# [Task brief]
Copy exactly the lines from the beginning of the data down to and including the line holding "There are two", without any pictures.

[Dataset entries]
BEGIN

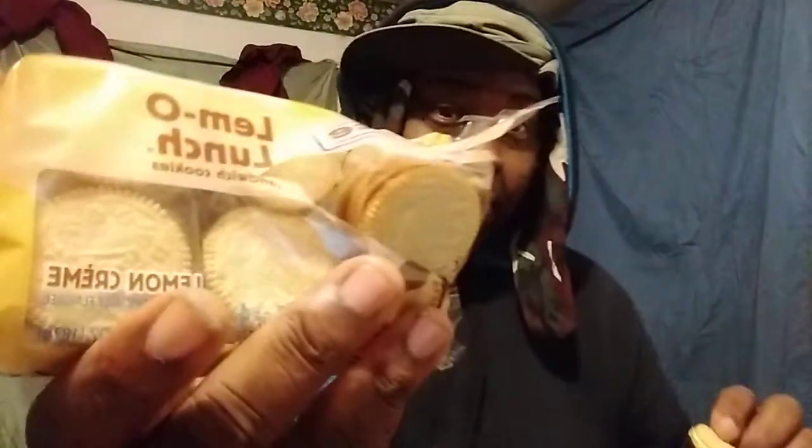Hit that subscribe button, y'all. Get these cookies to try any way you see them. I'm pretty sure you can get these at Walmart too. Hit that subscribe button y'all — it's some good old lemon cookies. All right, hit y'all on the next one. I'm out. Peace.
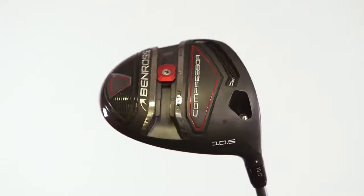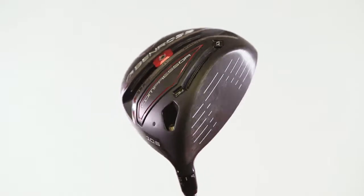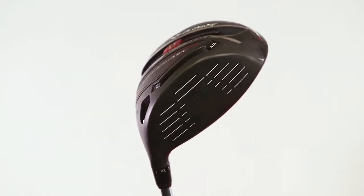It's coming in price-wise at under £200, and I think for that it's a pretty good driver. I saw some real good distance off it, hit some really long drives, and it actually felt really solid to hit as well. So for under £200 I think you get a lot of driver when you compare that to some of the premium models and look at the price difference.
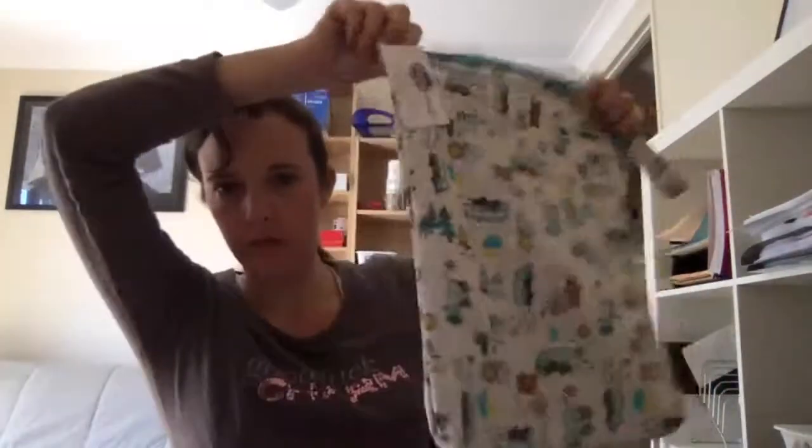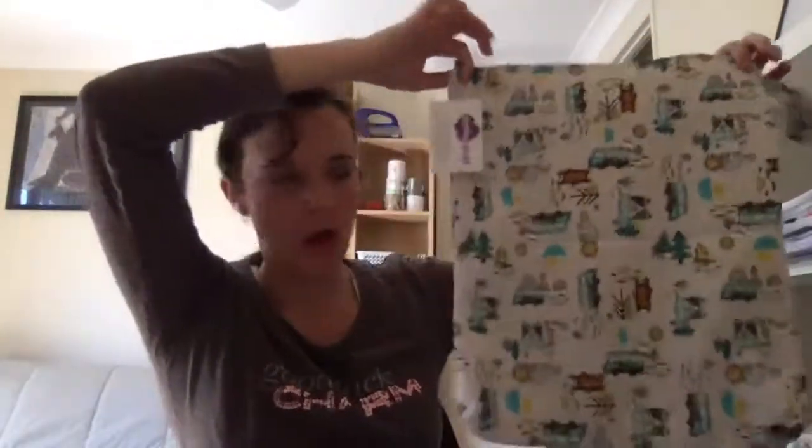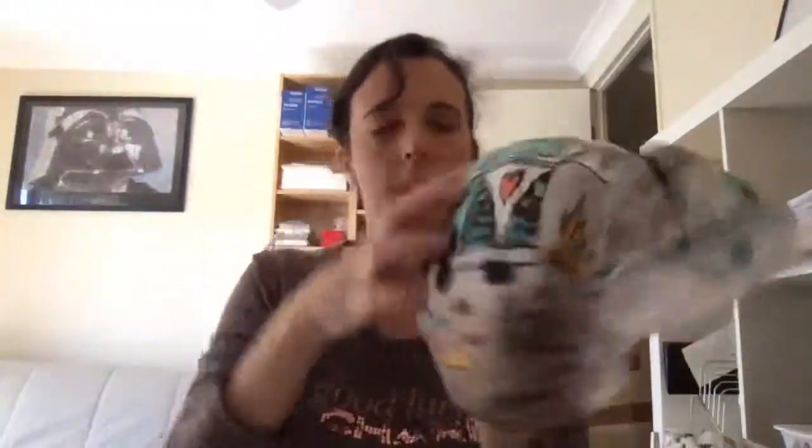As you can see, the print is quite normal for a cloth nappy — they just put it on and make the nappies out of it. But what they've done with their cloth nappy is they've taken the print and blown it up. So when you get the nappy, the print is blown up — they've been really smart about it. On the front you've got caravans and bears, and on the back you get more caravans and bears, but it's a bigger print.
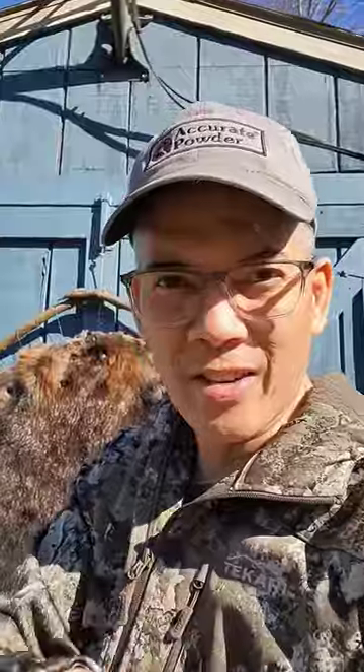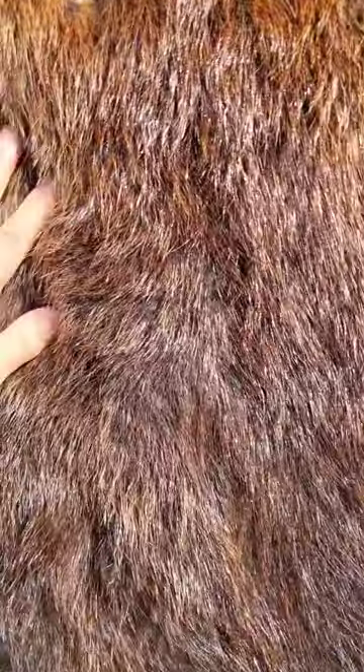Stay tuned. We'll see you later. Thank you. Man, I tell you this beaver fur is so soft. Oh my goodness. It's pretty awesome.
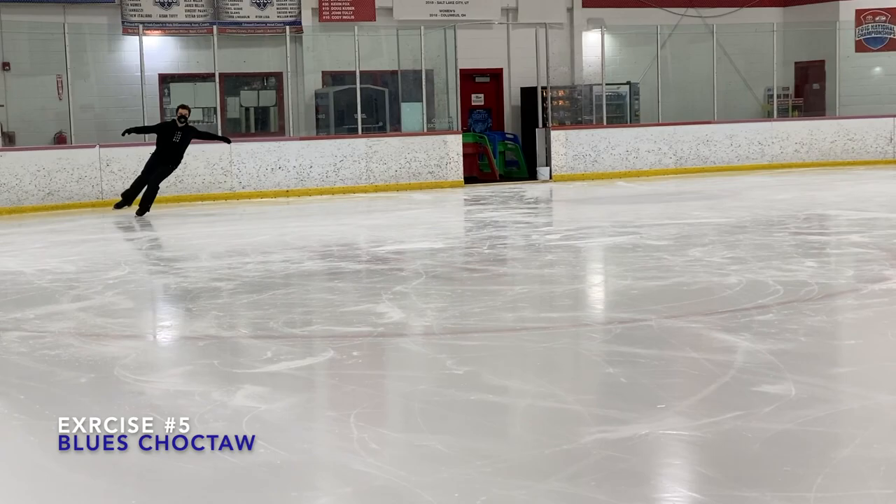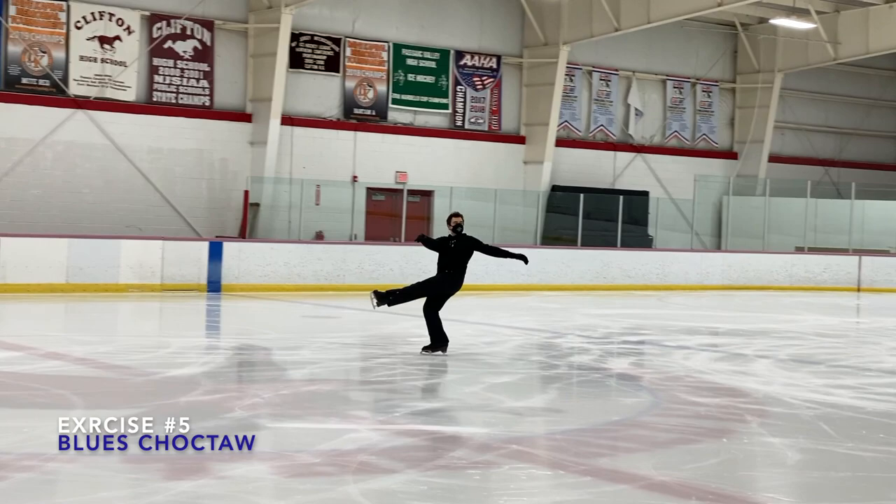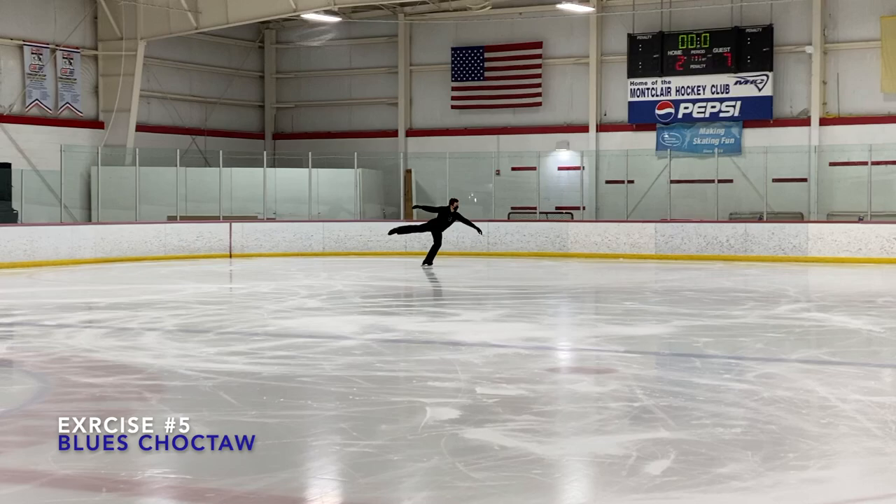There are two ways to execute the blues Choctaw. One way is to have the opposite hand in front in relation to your standing leg, and the other is to have the same hand in front in relation to your standing leg. Both options are very good. It all depends on what's comfortable for you, so try both and pick the one which is most comfortable.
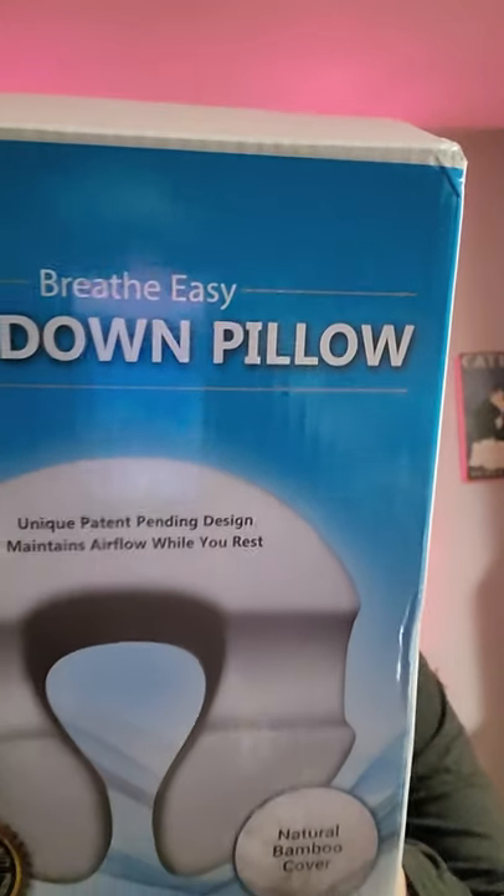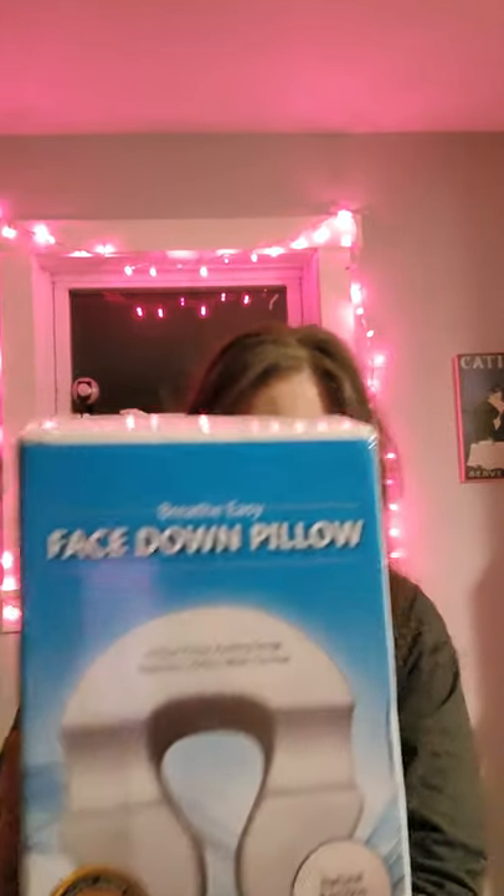Hi everyone, I'm here to do my unboxing of my face down pillow. I'm not affiliated with this company — they don't know I'm doing this video. I'm doing this because I want to show you what I'll be using after my vitrectomy surgery. I'm going to be laying face down for three days, so let me get this box open.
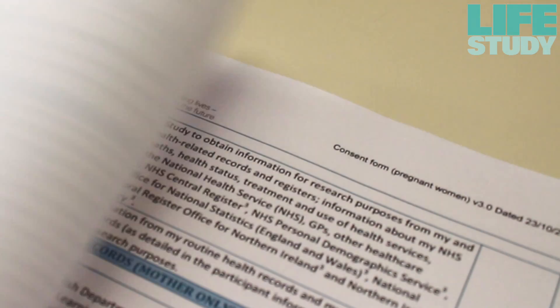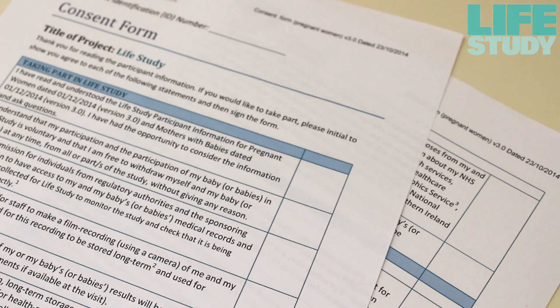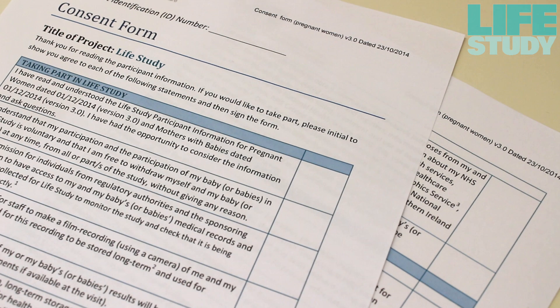Before you collect the sample, please check whether the woman has consented to give biosamples, and check that she is happy to give her baby's cord blood.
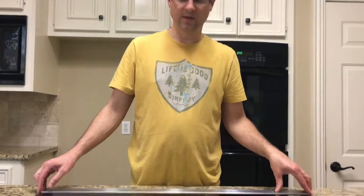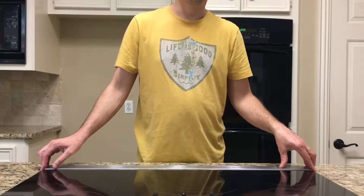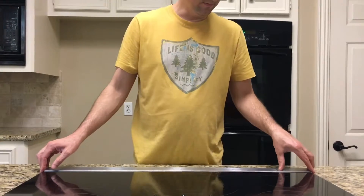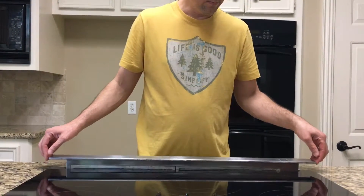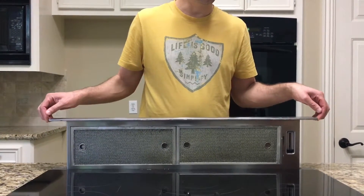This is a demonstration of the correct way to get this range hood to come up. I do agree that it's not perfect but it does work. You can smile while you do it.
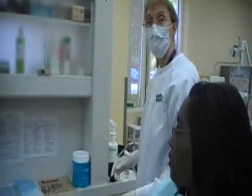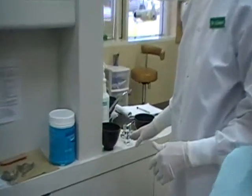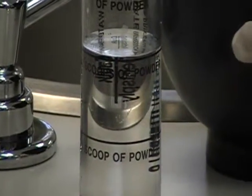The next thing that you want to do is to get your alginate and your water ready to go. If we can focus in on our water level and the meniscus — we're going to be using two scoops of powder, so we want two measures right at the meniscus line.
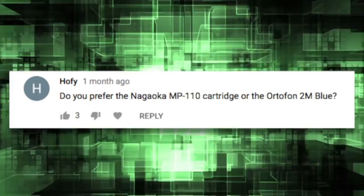I'm sitting here editing this video and I realize I'm still pronouncing the name of this cartridge wrong. Let's try this again. Nagaoka. Nagaoka. Back to the video.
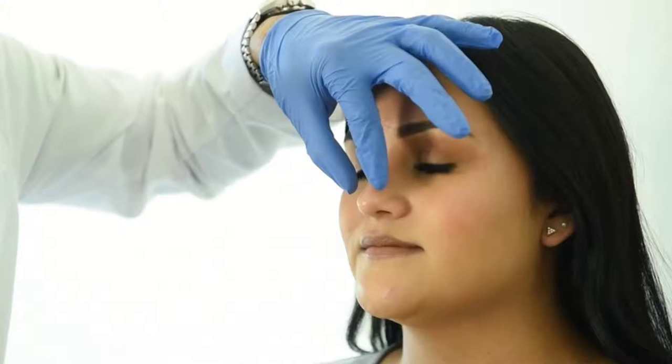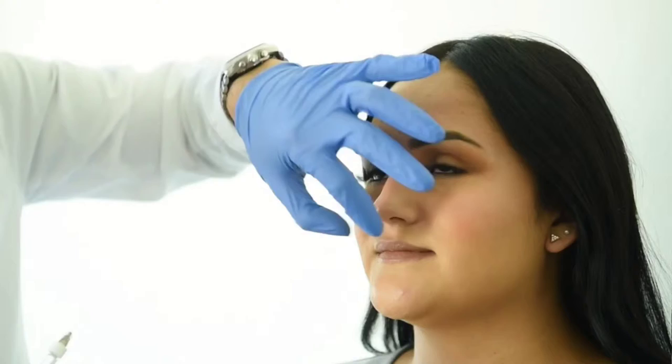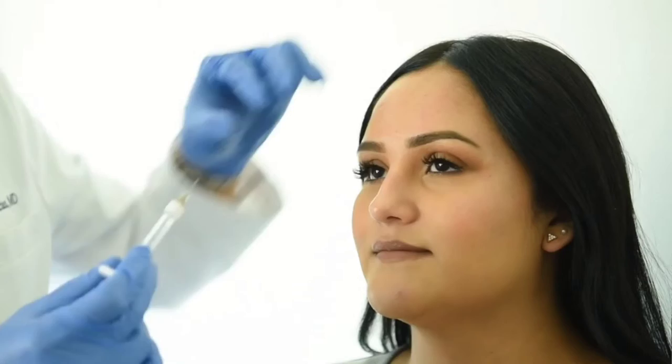I'm doing a non-surgical rhinoplasty here. I'm going to mask the bump here. She has a little dorsal hump and then a little narrowing right here in this part of the nose. She gets a little more asymmetric — a little bit more on the right than on the left — and she could use a little filler here in order to rotate the tip of her nose up a little bit. I usually start with the augmentation of the dorsum here to mask the bump on the top part.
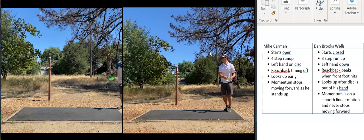Bob Buckley here with a form review. Today I'm breaking down two players that are both on tour right now — Mike Carman and Dan Brooks-Waltz. They're also our coaches for Front Line Disc Golf, so I'm breaking them down to show the differences in their throw.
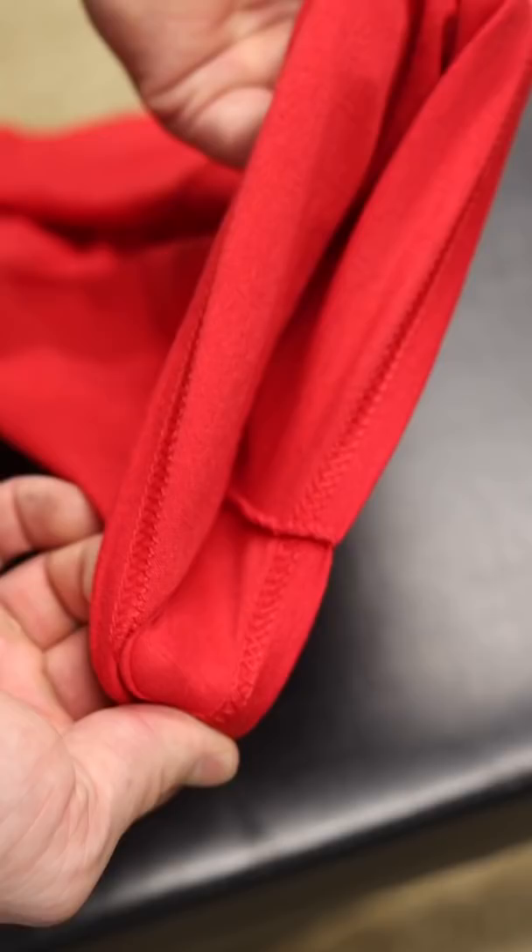In sewing, there's a term called a hem. A hem is where they turn the piece of clothing over and sew it to fuse the extremities of the shirt.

END

# [Completed task]
Hit that subscribe button, y'all. Get these cookies to try any way you see them. I'm pretty sure you can get these at Walmart too. Hit that subscribe button y'all — it's some good old lemon cookies. All right, hit y'all on the next one. I'm out. Peace.
It's coming in price-wise at under £200, and I think for that it's a pretty good driver. I saw some real good distance off it, hit some really long drives, and it actually felt really solid to hit as well. So for under £200 I think you get a lot of driver when you compare that to some of the premium models and look at the price difference.
As you can see, the print is quite normal for a cloth nappy — they just put it on and make the nappies out of it. But what they've done with their cloth nappy is they've taken the print and blown it up. So when you get the nappy, the print is blown up — they've been really smart about it. On the front you've got caravans and bears, and on the back you get more caravans and bears, but it's a bigger print.
Stay tuned. We'll see you later. Thank you. Man, I tell you this beaver fur is so soft. Oh my goodness. It's pretty awesome.
There are two ways to execute the blues Choctaw. One way is to have the opposite hand in front in relation to your standing leg, and the other is to have the same hand in front in relation to your standing leg. Both options are very good. It all depends on what's comfortable for you, so try both and pick the one which is most comfortable.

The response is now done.